**EXERCISE REQUIREMENTS:**
Repeat the records exactly as given. Do not include the pictures.

**AVAILABLE DATA:**
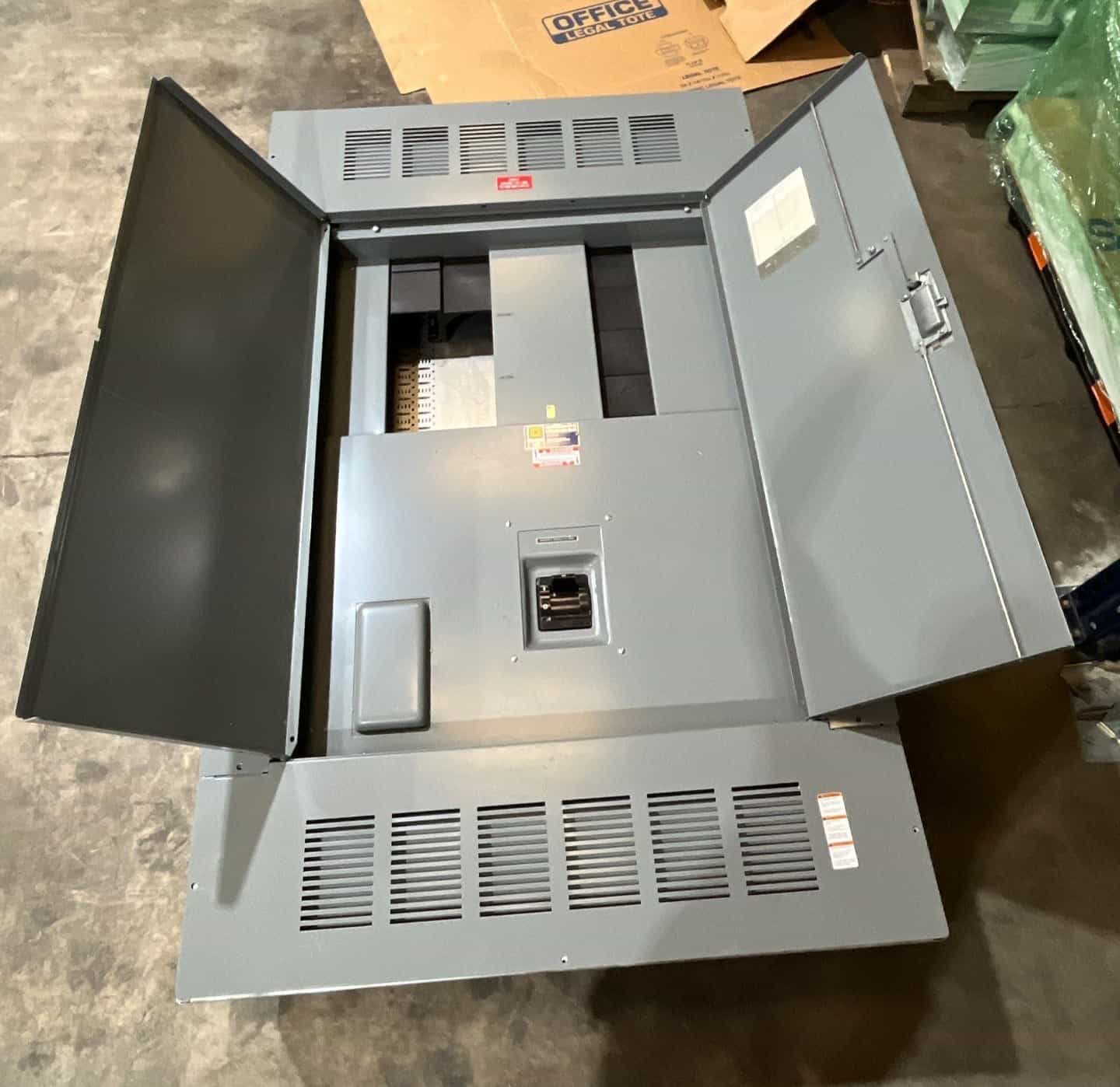 Square D I-Line Panel — image 1 of 12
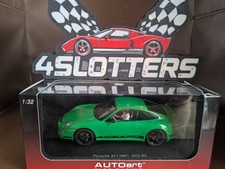 Autoart Porsche 911 (997) GT3 RS Green GT / Road Cars AU13212 1:32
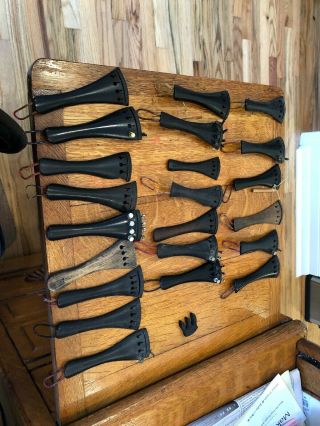 22 Old Antique Violin Tailpieces With An Ebony Mute And 17 Fine - Tuners 003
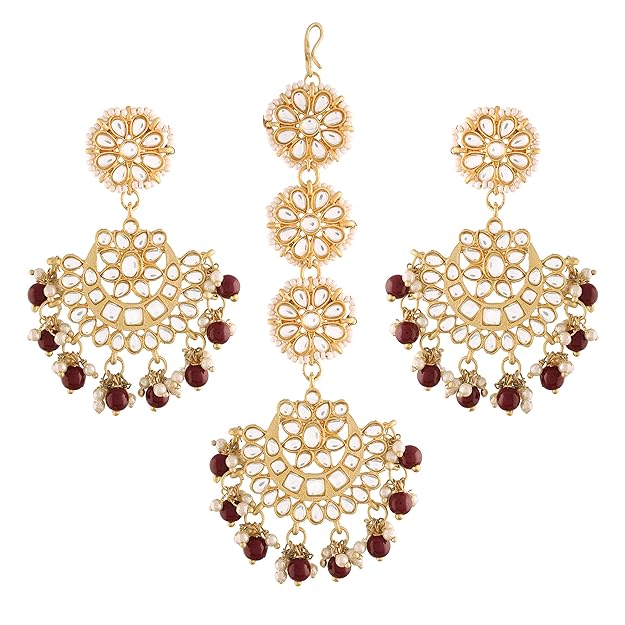 Dulhan Mang Tika in Gold Plated Traditional Kundan & Faux Pearl Chandbali Earring Set
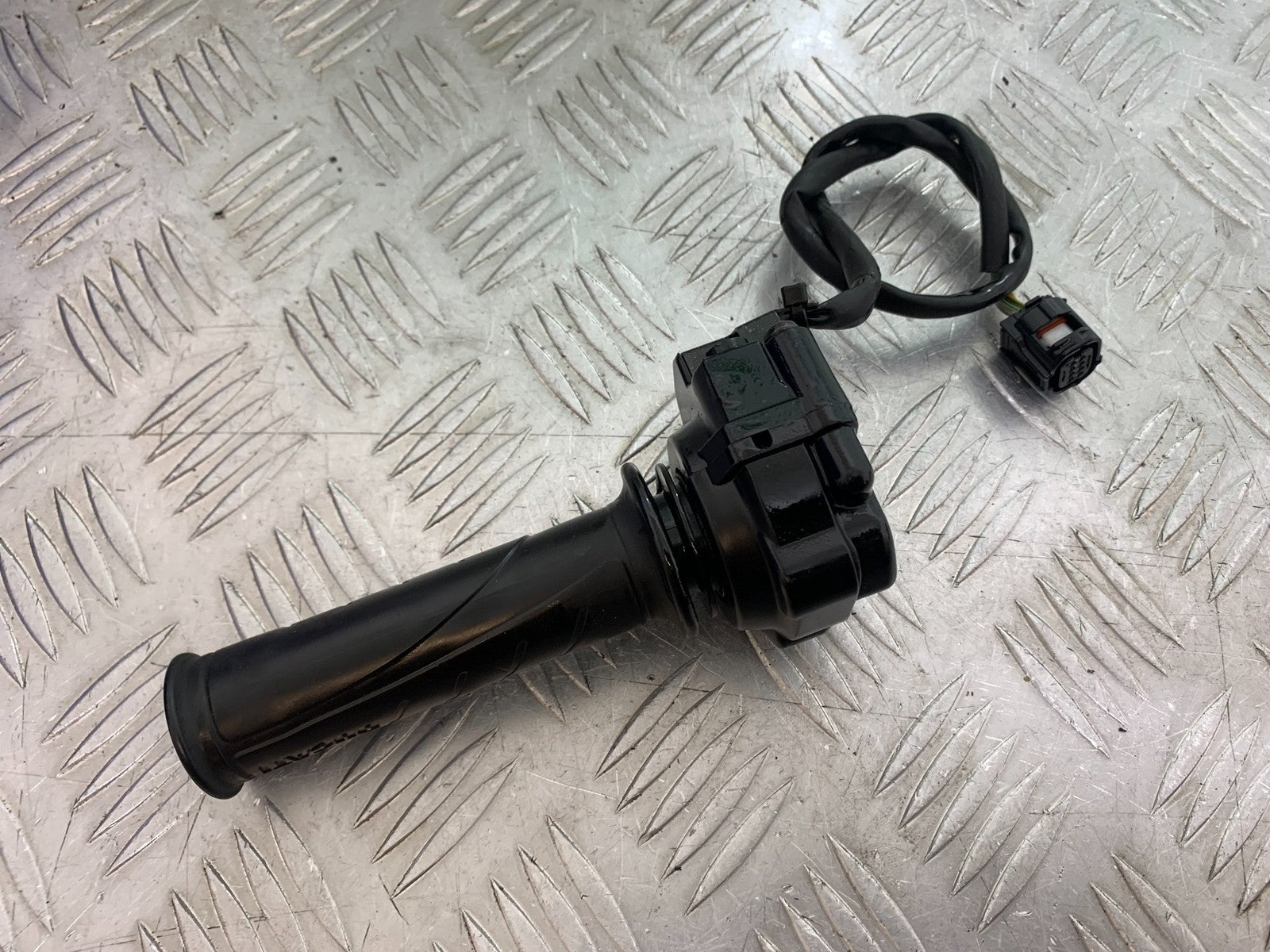 DUCATI 1299 PANIGALE THROTTLE AND TWIST GRIP   YEAR 2016 (CMB 1187)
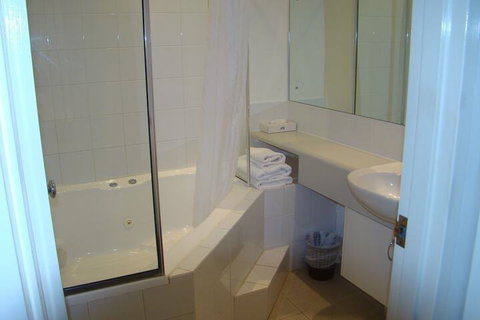 Dunsborough Central Motel - Darwin Holiday 4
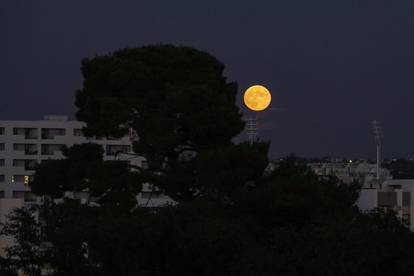 FOTO Veličanstveni Supermjesec obasjao nebo nad Hrvatskom: Pogledajte spektakularne fotke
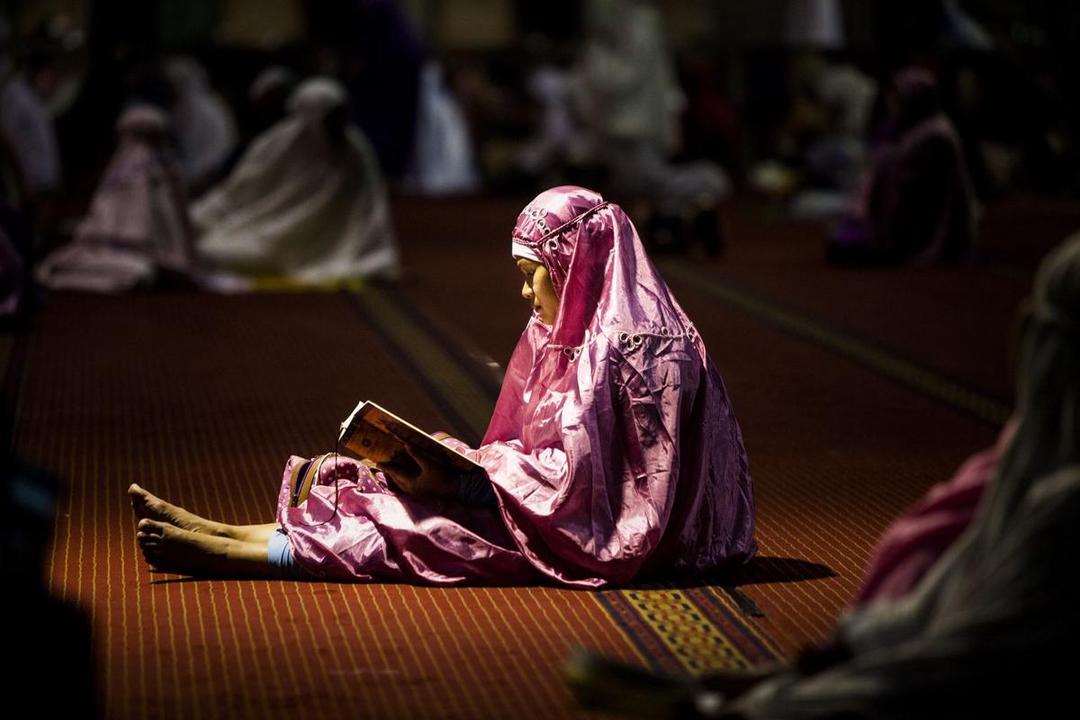 https://cdn.idntimes.com/content-images/post/20170615/indonesian-muslims-observe-first-day-20140628-160758-698-49d0e3a1a2f0c5c2985605f739373548.jpg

**RESULT OF THE EXERCISE:**
 Square D I-Line Panel — image 1 of 12
 Autoart Porsche 911 (997) GT3 RS Green GT / Road Cars AU13212 1:32
 22 Old Antique Violin Tailpieces With An Ebony Mute And 17 Fine - Tuners 003
 Dulhan Mang Tika in Gold Plated Traditional Kundan & Faux Pearl Chandbali Earring Set
 DUCATI 1299 PANIGALE THROTTLE AND TWIST GRIP   YEAR 2016 (CMB 1187)
 Dunsborough Central Motel - Darwin Holiday 4
 FOTO Veličanstveni Supermjesec obasjao nebo nad Hrvatskom: Pogledajte spektakularne fotke
 https://cdn.idntimes.com/content-images/post/20170615/indonesian-muslims-observe-first-day-20140628-160758-698-49d0e3a1a2f0c5c2985605f739373548.jpg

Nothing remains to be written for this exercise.